Each line below must be transcribed exactly, and no picture may appear in the transcription.

Records from a collection:
%%
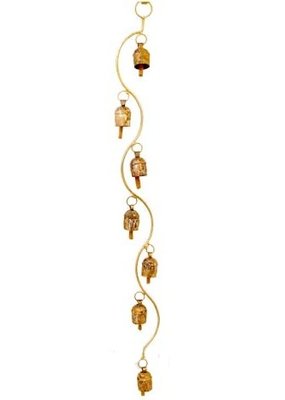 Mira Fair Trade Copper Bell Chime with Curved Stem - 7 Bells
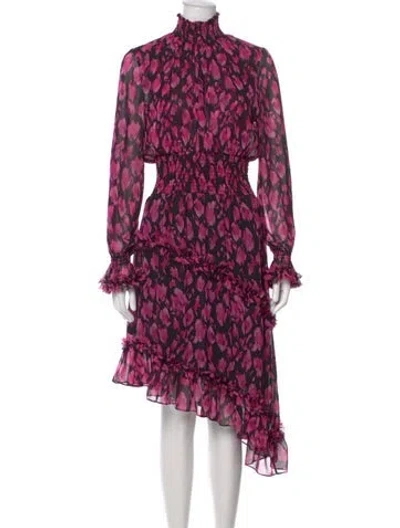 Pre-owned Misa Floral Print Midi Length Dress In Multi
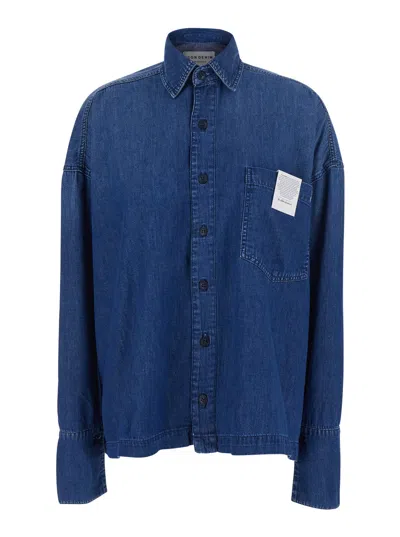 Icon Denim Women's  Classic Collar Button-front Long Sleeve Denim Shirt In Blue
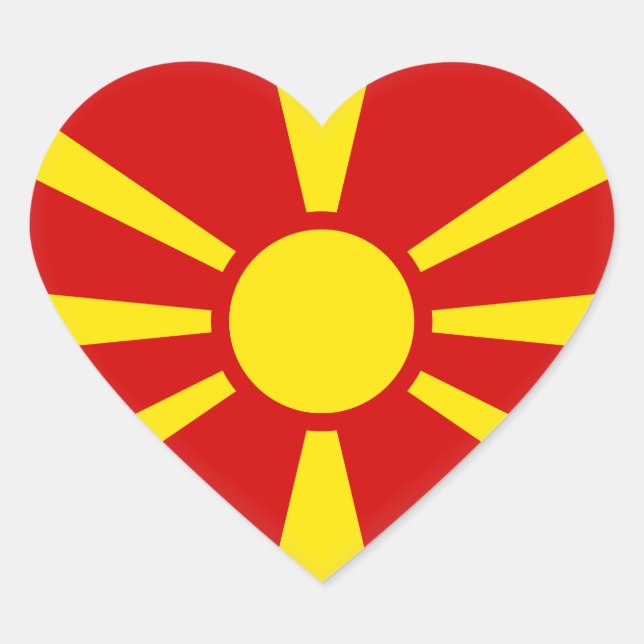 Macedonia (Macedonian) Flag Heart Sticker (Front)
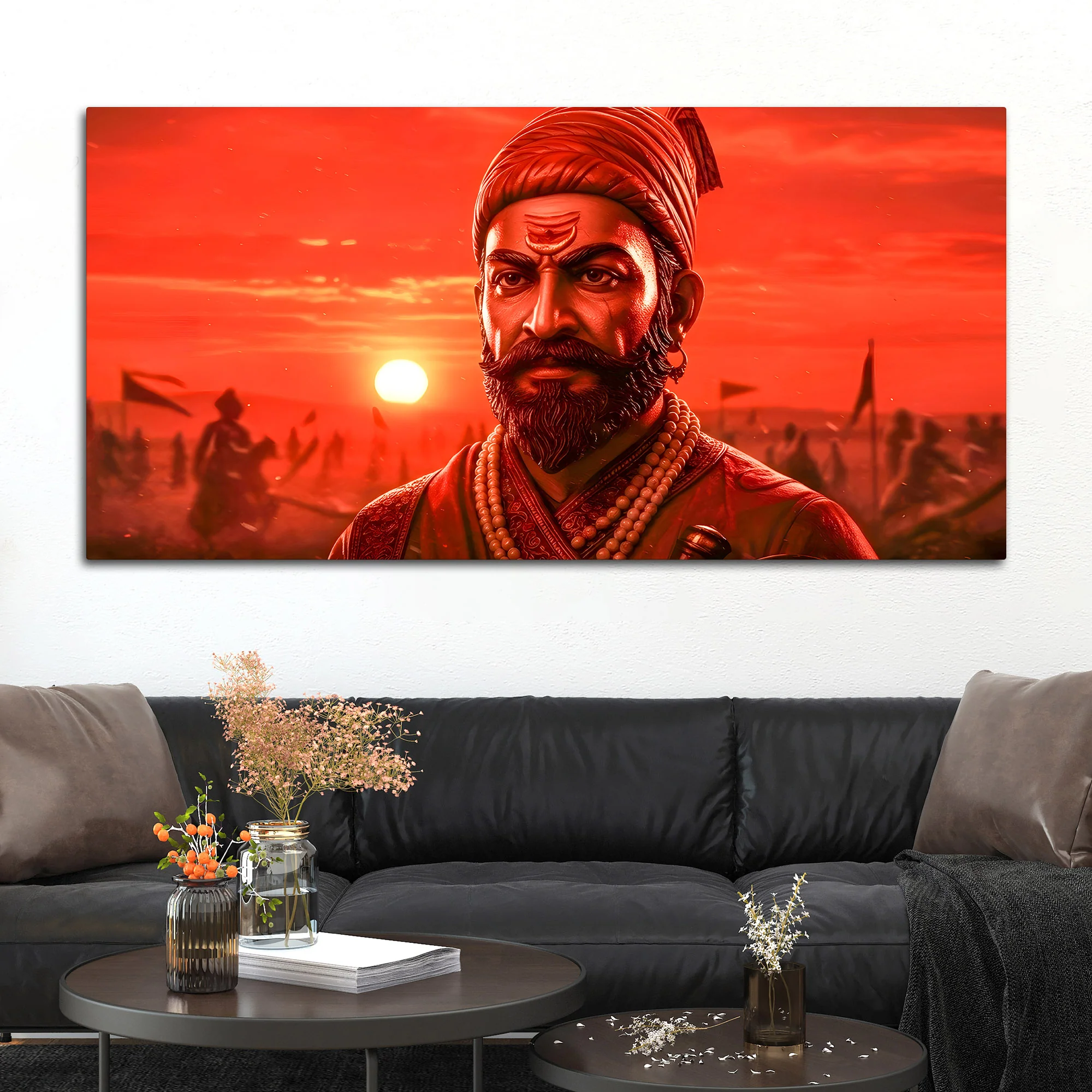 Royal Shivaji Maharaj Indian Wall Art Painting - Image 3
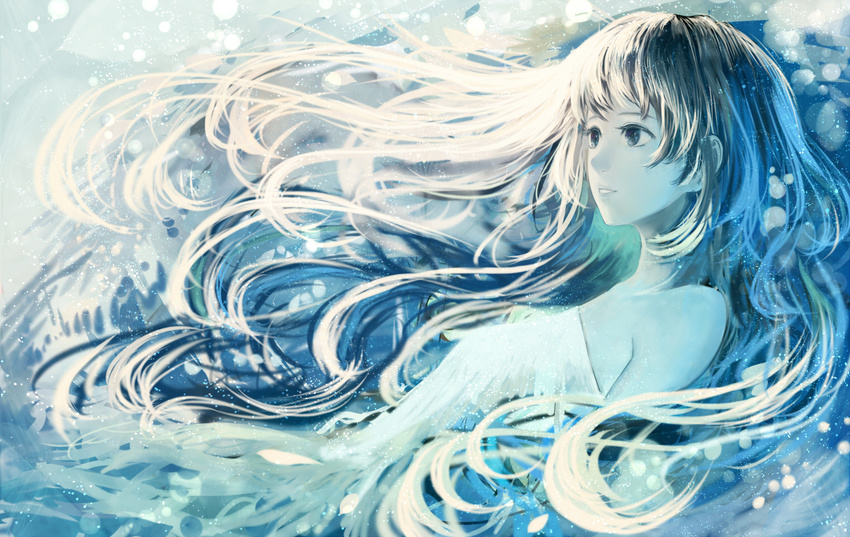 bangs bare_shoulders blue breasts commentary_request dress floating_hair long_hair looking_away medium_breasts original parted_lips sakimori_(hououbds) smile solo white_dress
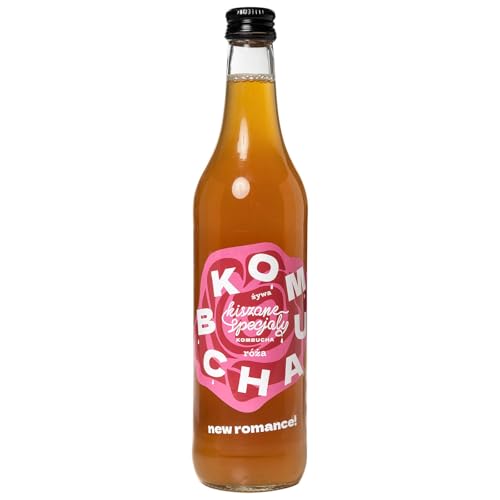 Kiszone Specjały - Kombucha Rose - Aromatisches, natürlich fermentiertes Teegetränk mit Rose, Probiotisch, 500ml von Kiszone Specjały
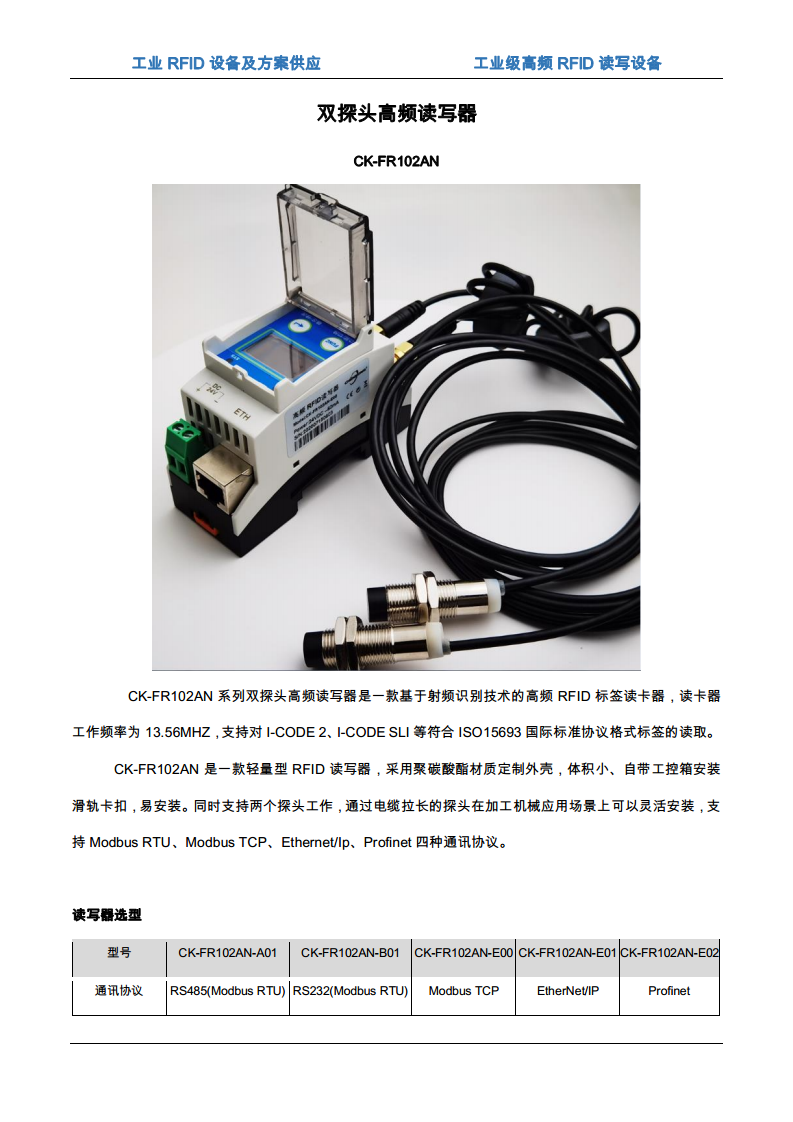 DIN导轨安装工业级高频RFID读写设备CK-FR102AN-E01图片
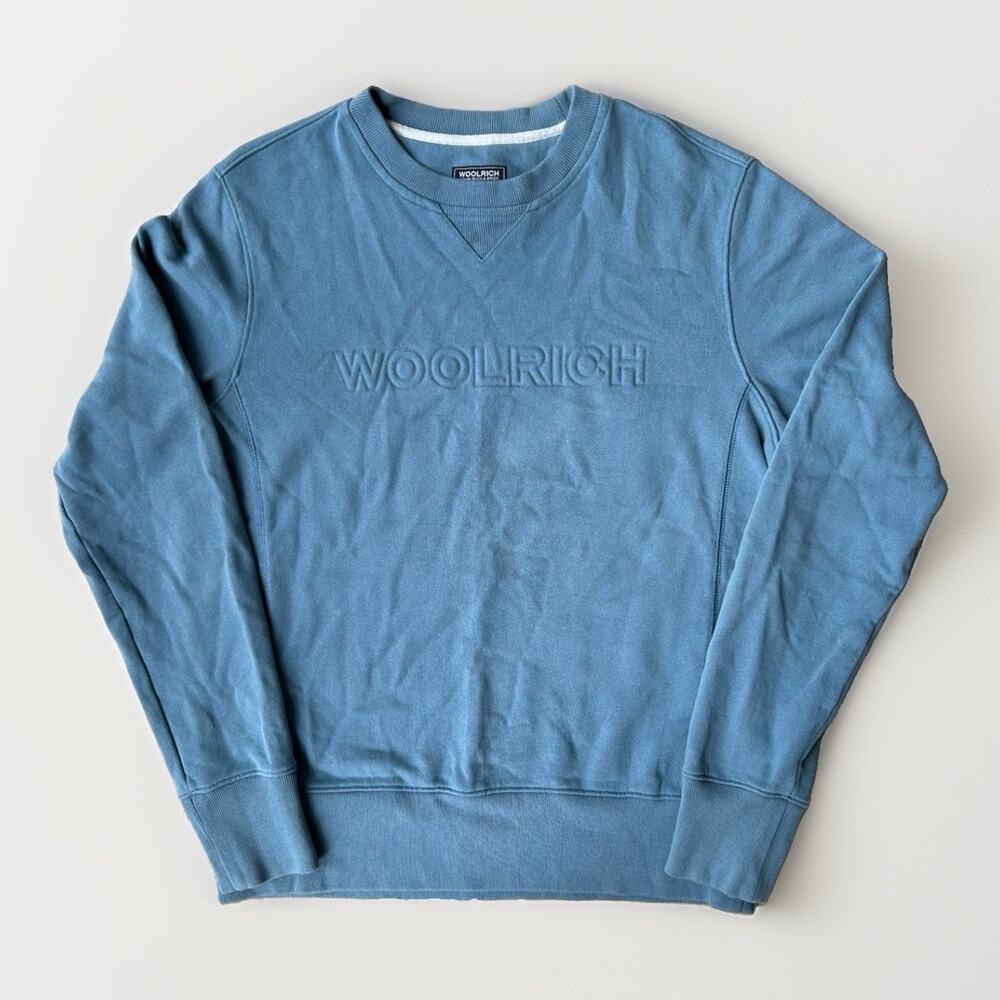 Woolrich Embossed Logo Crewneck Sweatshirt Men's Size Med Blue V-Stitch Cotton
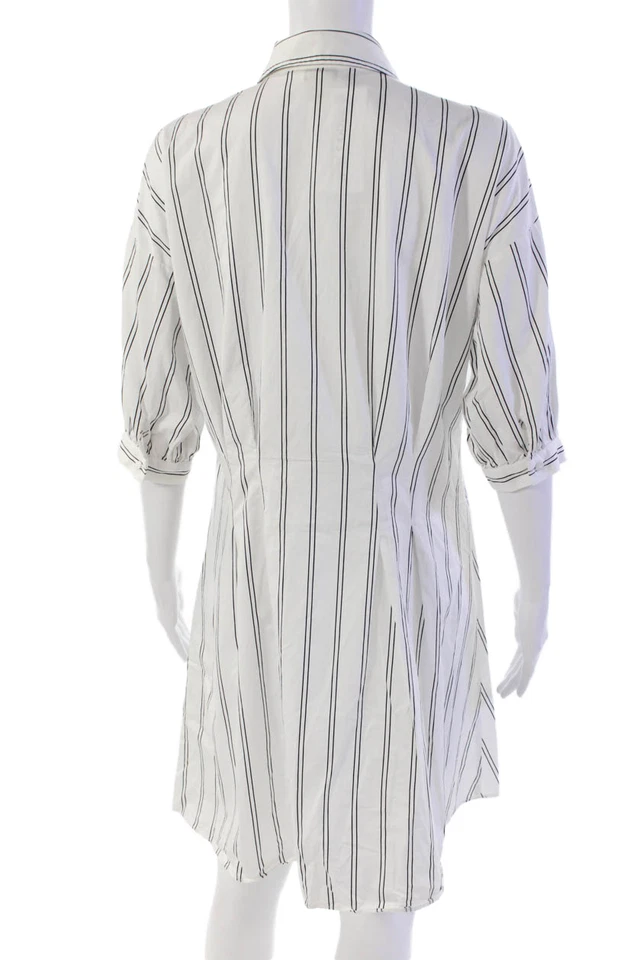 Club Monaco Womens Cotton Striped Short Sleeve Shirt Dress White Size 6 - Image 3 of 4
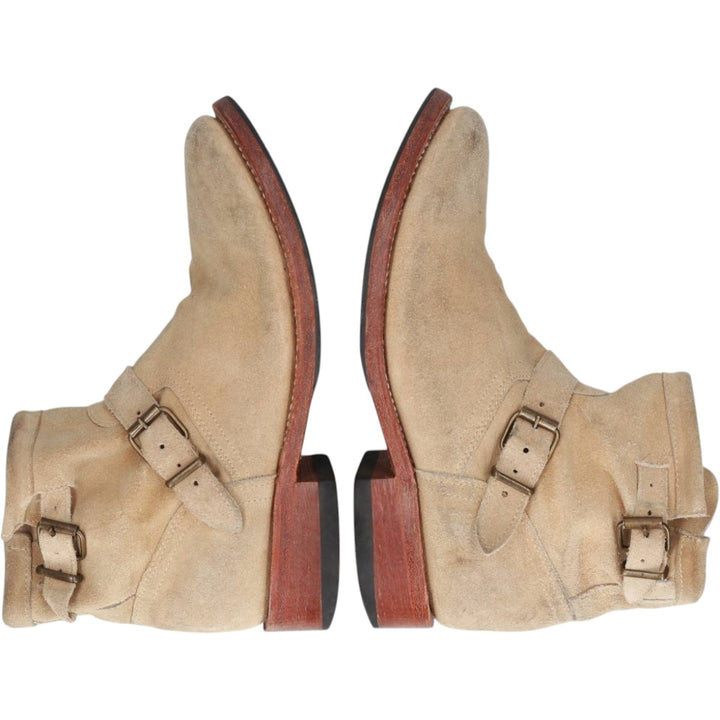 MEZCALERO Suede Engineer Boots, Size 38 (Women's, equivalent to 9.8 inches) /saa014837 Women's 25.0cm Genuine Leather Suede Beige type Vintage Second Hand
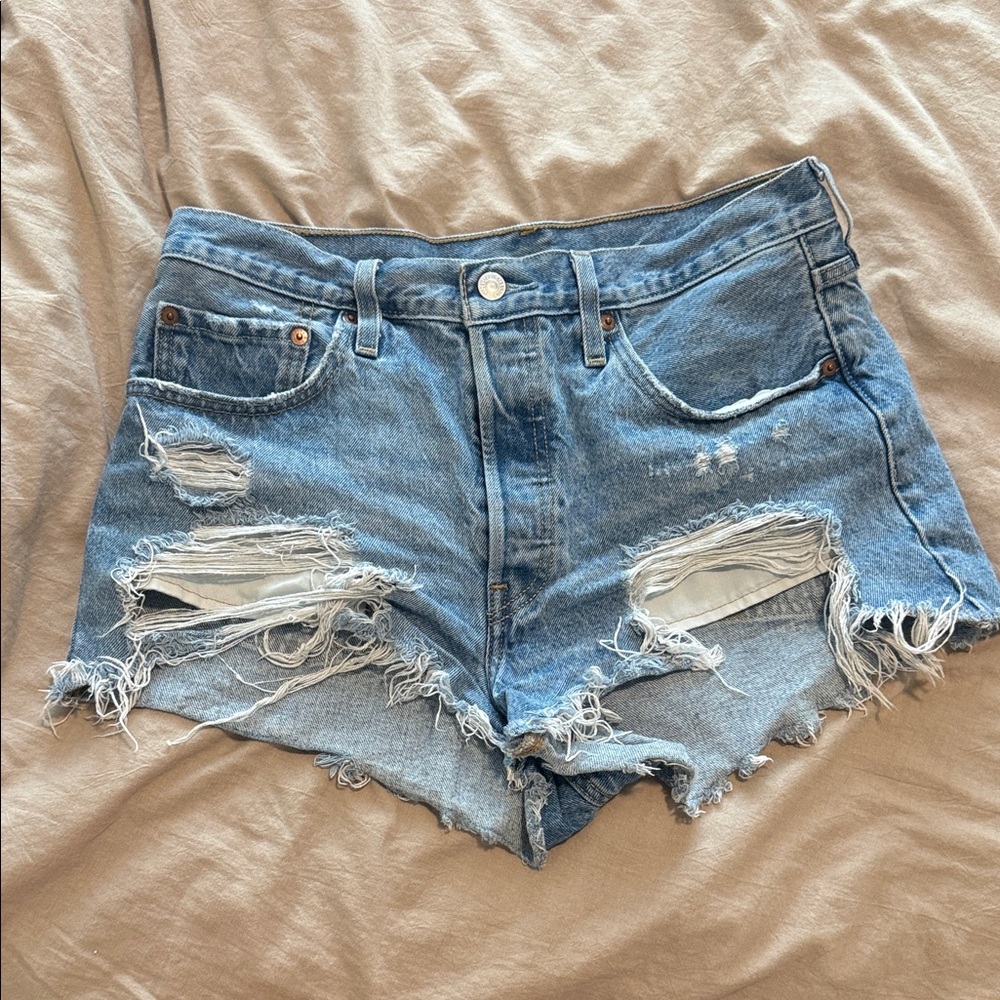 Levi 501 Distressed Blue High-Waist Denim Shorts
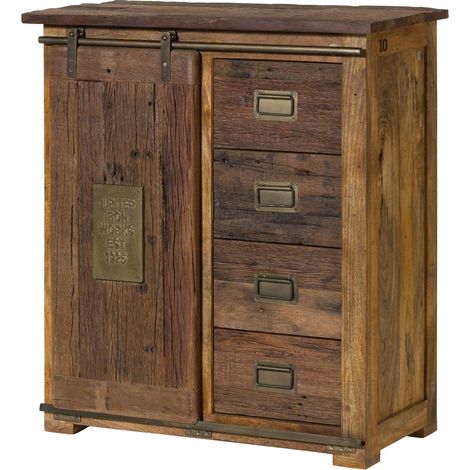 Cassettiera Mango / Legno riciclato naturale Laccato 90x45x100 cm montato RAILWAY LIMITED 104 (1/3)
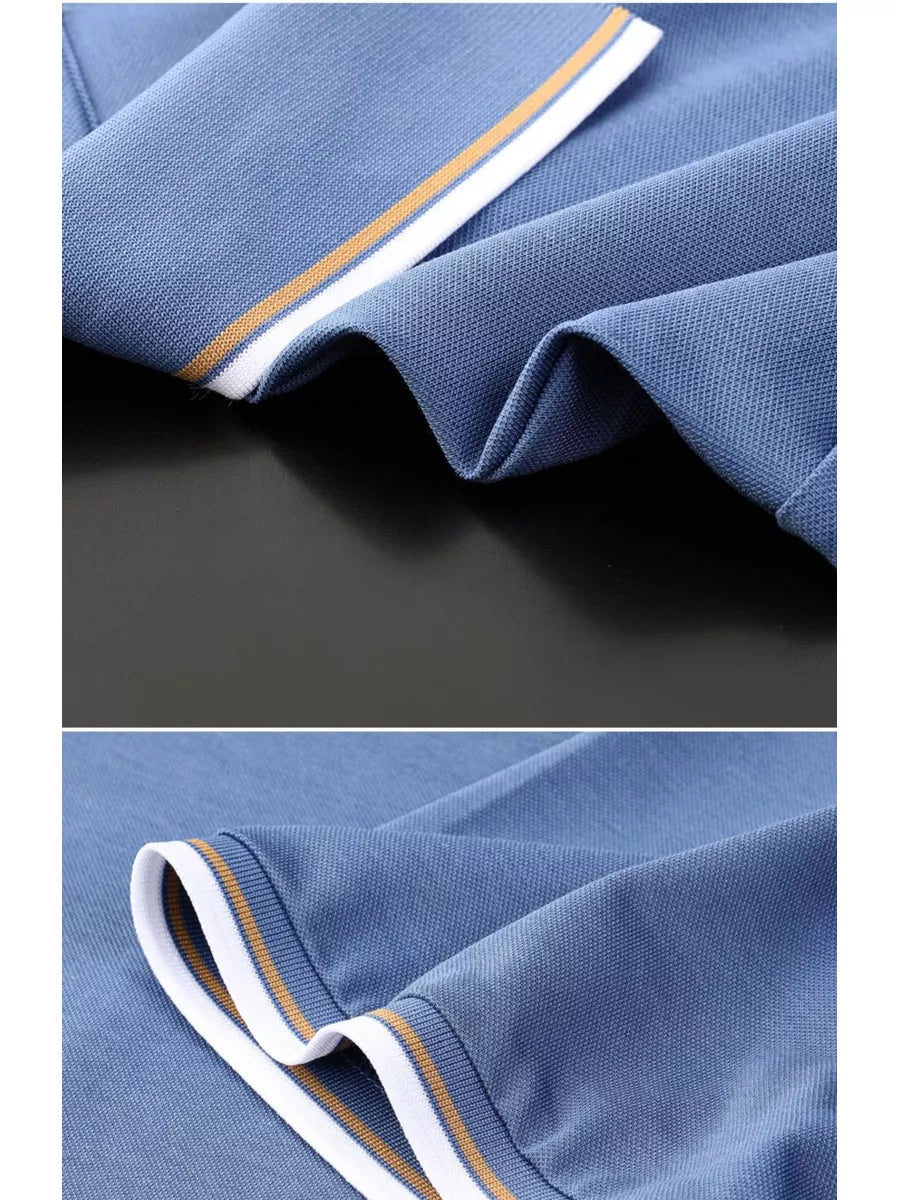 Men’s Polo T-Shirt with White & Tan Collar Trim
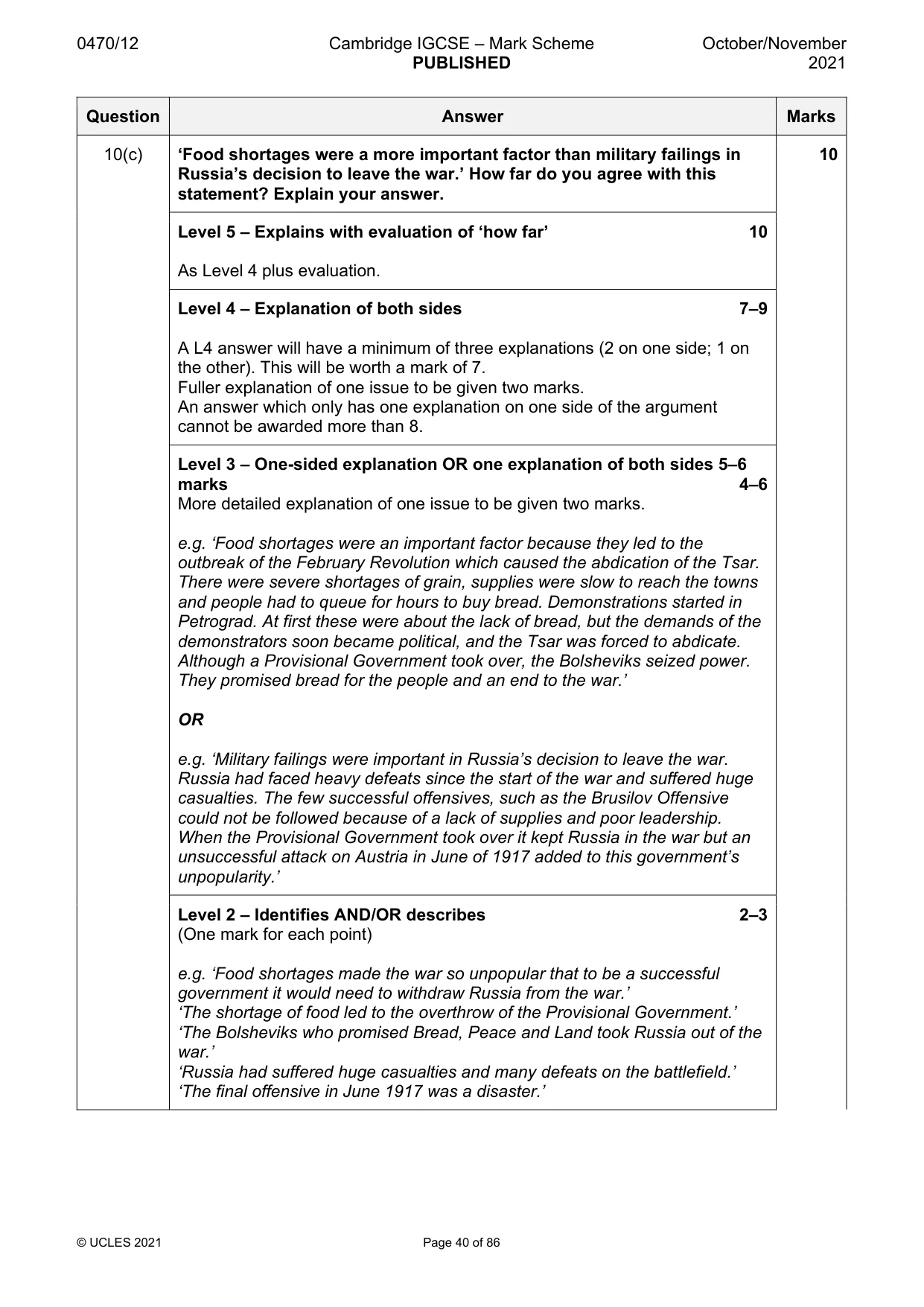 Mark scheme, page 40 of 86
%%
*WRITTEN RESPONSE*
 Mira Fair Trade Copper Bell Chime with Curved Stem - 7 Bells
 Pre-owned Misa Floral Print Midi Length Dress In Multi
 Icon Denim Women's  Classic Collar Button-front Long Sleeve Denim Shirt In Blue
 Macedonia (Macedonian) Flag Heart Sticker (Front)
 Royal Shivaji Maharaj Indian Wall Art Painting - Image 3
 bangs bare_shoulders blue breasts commentary_request dress floating_hair long_hair looking_away medium_breasts original parted_lips sakimori_(hououbds) smile solo white_dress
 Kiszone Specjały - Kombucha Rose - Aromatisches, natürlich fermentiertes Teegetränk mit Rose, Probiotisch, 500ml von Kiszone Specjały
 DIN导轨安装工业级高频RFID读写设备CK-FR102AN-E01图片
 Woolrich Embossed Logo Crewneck Sweatshirt Men's Size Med Blue V-Stitch Cotton
 Club Monaco Womens Cotton Striped Short Sleeve Shirt Dress White Size 6 - Image 3 of 4
 MEZCALERO Suede Engineer Boots, Size 38 (Women's, equivalent to 9.8 inches) /saa014837 Women's 25.0cm Genuine Leather Suede Beige type Vintage Second Hand
 Levi 501 Distressed Blue High-Waist Denim Shorts
 Cassettiera Mango / Legno riciclato naturale Laccato 90x45x100 cm montato RAILWAY LIMITED 104 (1/3)
 Men’s Polo T-Shirt with White & Tan Collar Trim
 Mark scheme, page 40 of 86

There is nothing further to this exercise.